Why had it happened? Why was Fate against us? I raged. I stormed. I shouted. I wept. But what was the use? It would have seemed at the start of the battle that we had a fair chance; but as usual everything went against us. Charles had chosen his position on the raised land called Dust Hill about two miles north of the village of Naseby and we had been stronger in cavalry than the enemy, but the skill of Fairfax and Oliver Cromwell decided the issue. Prince Rupert who had had some initial success and thought he had won the battle went off to attack the Parliamentary baggage and came back to the heart of the battle too late to save it. Fortunately both Charles and Rupert managed to escape. The Roundheads lost two hundred men and the Royalists one thousand, but that was not the whole sad story. Five thousand men were taken prisoner with all our guns and baggage, as well as Charles’s private correspondence.
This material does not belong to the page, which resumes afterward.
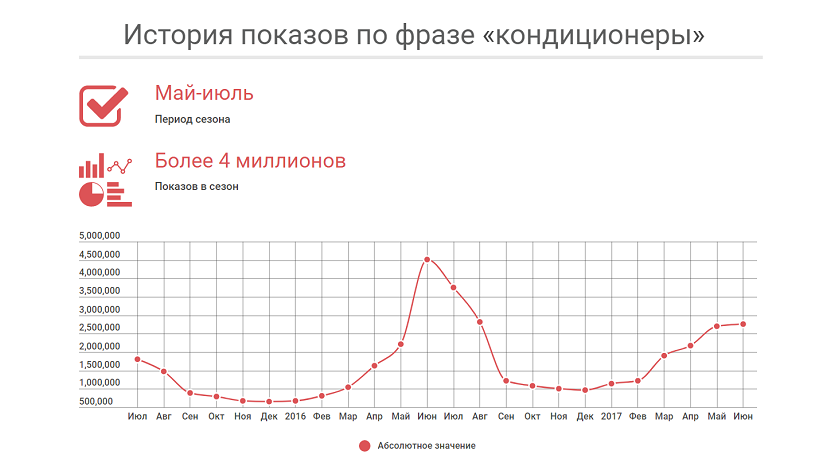 кондиционеры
It was disaster…the greatest we had had.
Queen Anne very kindly offered me the Château of St. Germain for the summer and I was grateful for that, and there in the beautiful castle I brooded on what was happening at home.
There was worse to come. Rupert had surrendered Bristol to the Roundheads. Bristol…that loyal city! Charles said he would never forgive Rupert for giving it up. Poor Rupert! Poor Charles! How wretched they must have been! Charles, after Naseby, had lost half his army. What hope had he against Cromwell’s trained men? Cromwell! That name was on every lip. How I hated him and yet there was a tinge of admiration in my venom. If only he had been for us instead of against us. He had trained men to an excellence which could compare with the regular army and at the same time he had imbued them with religious fervor. He was the greatest leader in the country and he was against us. None more fervently so. His aim was to destroy the Monarchy, and after Naseby and the loss of Bristol it looked as though he were going to do it.
My anxiety was intense. Charles was more or less a fugitive and my children, with the exception of the Prince of Wales, were in the enemy’s hands. They were treated as commoners, all royal rank denied them; and there was a rumor that my little Henry, the Duke of Gloucester, was to be apprenticed to a trade. Shoemaking was being considered.
I wept until I could not see. I thrust aside the comfort my friends had to offer. I would not listen—even to Henry Jermyn and Madame de Motteville.
But after a while I began to bestir myself. Everything was not lost. Charles had gone to Scotland; he was going to see if he could persuade the Scots to help him against the Roundheads. They would settle their religious differences; he would promise them almost anything in return for their help.
It was a desperate situation but just as my spirits had sunk to their very nadir, I was hoping again and beginning to make plans.
My hopes were on my eldest son. He had escaped to Jersey and I wanted him to come to France to me. He was fifteen years old and if I could get him advantageously married it might be possible to raise a fresh army which I could send to England. The suggestion of a Dutch marriage had not been received with any great enthusiasm by the Prince and Princess of Orange. This meant that they were beginning to suspect that the Roundheads had almost won the day and that the heir to a throne which might not be there was not a very good match. I wanted him with me. I did not want to be separated from all my family. I longed for my baby more than any of the other children; I worried about her constantly. She was just over a year old and I wondered what would become of her. I knew that when Exeter had fallen to the Roundheads she had been removed to Oatlands and was still in the care of Lady Dalkeith.